How to complete this task:
Every record must be restated exactly. Drop the images.

---------- Source data ----------

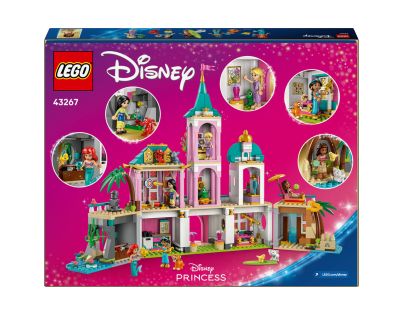 LEGO® Disney 43267 Hrad princezen a královští domácí mazlíčci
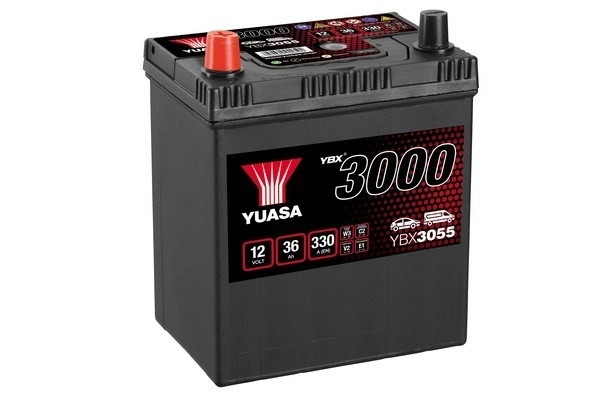 Starter Battery YBX3000 SMF Batteries YBX3055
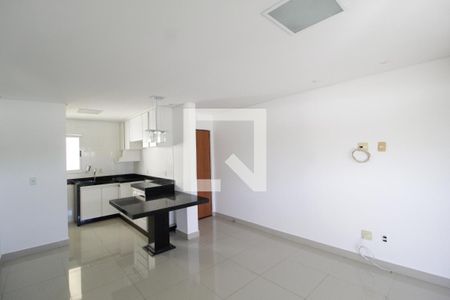Sala de apartamento para alugar com 2 quartos, 57m² em Tubalina, Uberlândia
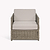 Harting Armchair Light Rattan
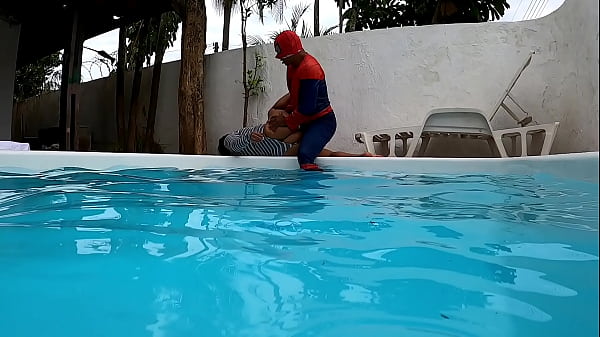 I caught the party entertainer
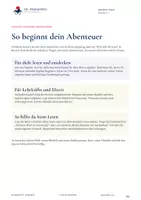 Vorschau - Text - Momotaro: Japanisches Märchen mit Leseaufgaben und Lösungen | Klasse 3–4 - Seite 1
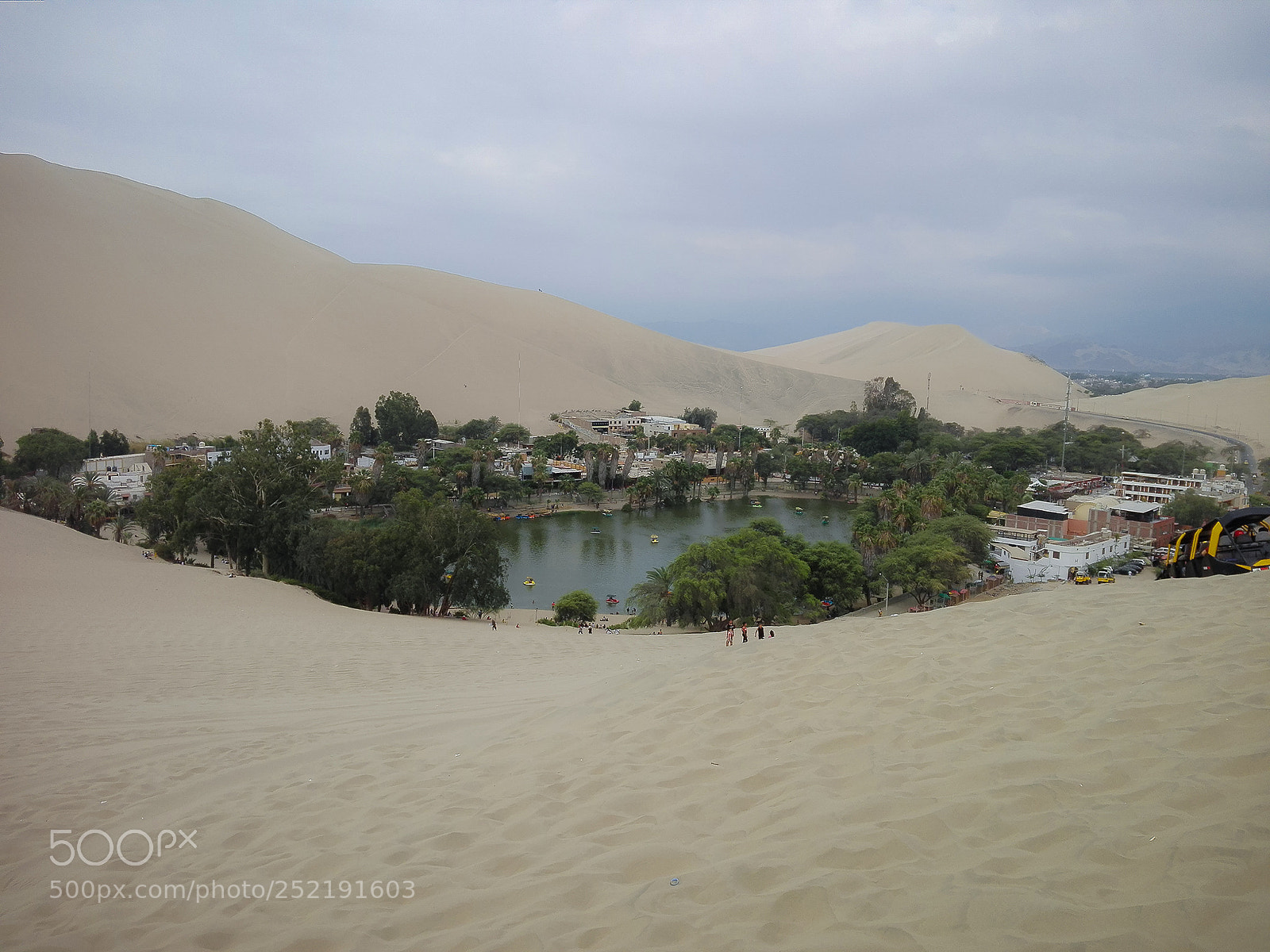 HUAWEI P8 Lite sample photo. Huacachina photography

----------

Response area:
 LEGO® Disney 43267 Hrad princezen a královští domácí mazlíčci
 Starter Battery YBX3000 SMF Batteries YBX3055
Sala de apartamento para alugar com 2 quartos, 57m² em Tubalina, Uberlândia
 Harting Armchair Light Rattan
 I caught the party entertainer
 Vorschau - Text - Momotaro: Japanisches Märchen mit Leseaufgaben und Lösungen | Klasse 3–4 - Seite 1
 HUAWEI P8 Lite sample photo. Huacachina photography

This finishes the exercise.